Hypoglycemia is the Cause of Electrolyte Imbalance in the ICU Patient
The most likely cause of the electrolyte imbalance leading to coma in this ICU patient is hypoglycemia (option A) caused by stopping TPN while administering blood products through the same line.
Pathophysiology and Mechanism
When TPN was stopped and blood products were administered through the same line, the following sequence likely occurred:
Abrupt cessation of glucose supply: The patient was receiving TPN for a high-output fistula, which provided continuous glucose. When this was stopped, the patient's glucose supply was suddenly cut off 1.
Insulin effect: The patient likely had elevated insulin levels in response to the TPN. When the glucose supply was stopped but insulin remained active, severe hypoglycemia developed 2, 3.
Blood transfusion effect: Administering PRBCs through the same line that previously contained dextrose can create a situation where:
- Residual insulin in the bloodstream continues to act
- No replacement glucose is being provided
- The patient's metabolic state is already compromised due to the high-output fistula
Supporting Evidence
Patients with high-output fistulas have increased metabolic demands and are at risk for electrolyte disturbances 4.

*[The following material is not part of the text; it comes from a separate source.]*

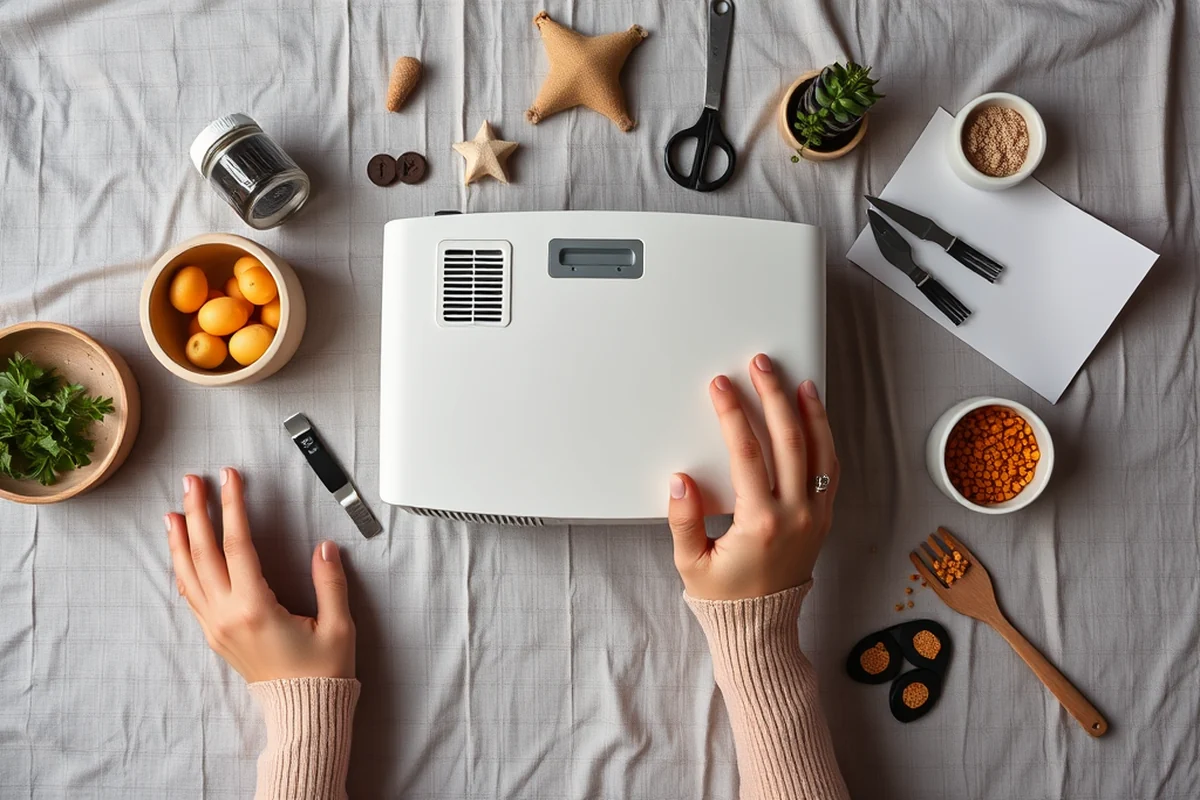 what is the best at home projector — What Is The Best At Home Projector (the finished result)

The FDA label for dextrose warns that "the intravenous administration of this solution can cause fluid and/or solute overloading resulting in dilution of serum electrolyte concentrations" and that "significant hyperglycemia and possible hyperosmolar syndrome may result from too rapid administration" 1. The abrupt discontinuation can cause the opposite effect - severe hypoglycemia.
Studies have shown that during severe hypoglycemia, electrolyte disturbances are common, with hypokalemia being the most frequent (21.9% of cases) 3.
Massive insulin effect (in this case from continued insulin action after TPN cessation) can cause multiple electrolyte disorders including hypokalemia, hypophosphatemia, and hypomagnesemia 2.
Why Not the Other Options?
Hypocalcemia (B): While hypocalcemia can occur in patients on TPN, especially with refeeding syndrome 4, it typically doesn't develop so rapidly (within 2 hours) to cause coma unless extremely severe.
Hypokalemia (C): Although hypokalemia commonly occurs during severe hypoglycemia 3, it typically doesn't cause coma unless extremely severe.
Hyponatremia (D): Acute severe hyponatremia can cause coma, but it typically develops more gradually and is less likely to be the primary cause in this scenario 5.
Clinical Implications and Management
Immediate intervention:
- Administer IV dextrose (D50W) immediately
- Check blood glucose level stat
- Monitor electrolytes, particularly potassium, phosphate, and magnesium
Subsequent management:
- Restart TPN at appropriate rate after stabilization
- Monitor for rebound hyperglycemia
- Replace electrolytes as needed based on laboratory values
Prevention strategies:
- Never stop TPN abruptly without providing alternative glucose source
- When administering blood products, use a separate line or follow proper protocols for line flushing
- Monitor glucose levels closely when interrupting TPN for any reason
Pitfalls and Caveats
The ESPEN guidelines emphasize that "electrolytes abnormalities are common in patients with AKI, AKI on CKD, or CKD with KF receiving KRT and shall be closely monitored" 4. This applies to all critically ill patients, especially those with metabolic instability.
Refeeding syndrome can cause similar electrolyte abnormalities but typically develops over days rather than hours 4.
Blood products should not be administered through the same line as dextrose solutions without proper flushing due to the risk of pseudoagglutination 1.
Patients with high-output fistulas require meticulous attention to fluid and electrolyte balance 4.